Energy Secretary Samuel Bodman Aug. 15 ordered construction to resume after nearly three years on the $12-billion nuclear waste-treatment plant being built by Bechtel National at the Hanford Site in Washington state, after certifying that the plant's design was revamped to reflect the seismic data that engineers have been collecting for more than two years.

In December 2004, DOE halted construction on some parts of the vitrification facility over concerns that it was not designed adequately to withstand the effects of a powerful earthquake. James Rispoli, DOE's assistant secretary for environmental management, said confirming the seismic data has been one of DOE's top priorities and toughest technical challenges.

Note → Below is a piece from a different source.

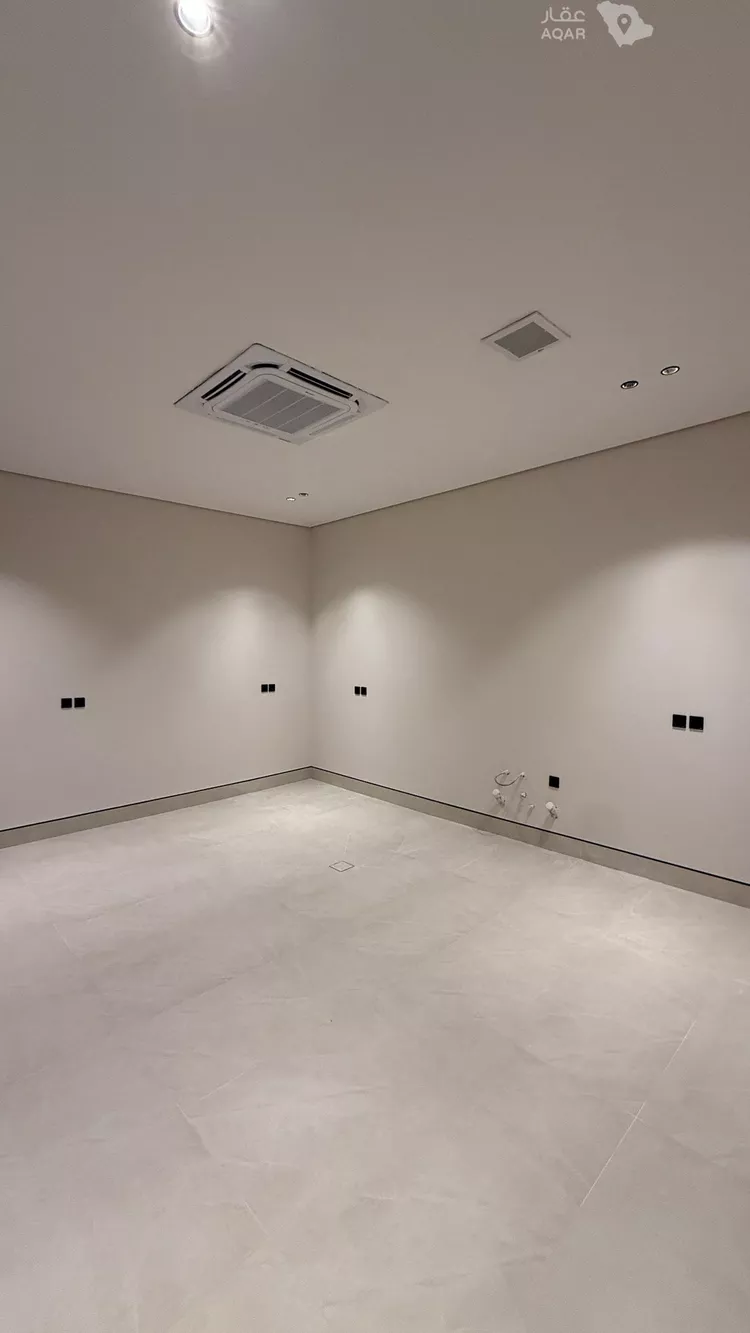 Villa for Sale in Riyadh Al Mahdiyah 11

DOE can now move forward with "one of the largest and most complex nuclear facilities in the DOE," Rispoli said. DOE is building the Hanford plant to "vitrify," or stabilize in glass-like logs, some 53 million gallons of high-level radioactive waste that threatens to contaminate the nearby Columbia River.

DOE ordered Bechtel to stop laying structural concrete at parts of the facility after scientists released preliminary results of a sophisticated earthquake study. Last year, DOE launched a major initiative to study the seismic characteristics of the site and to incorporate the findings into the design of the plant. Among other things, scientists analyzed samples that were taken from 1,400-foot-deep boreholes that were drilled near the plant.

Congress has generally backed DOE's efforts to build the plant, noting that the facility is vital to cleaning up the contaminated Hanford site.

But some lawmakers have faulted DOE for ignoring warnings of earthquake-related problems with the plant that were articulated as early as 2002.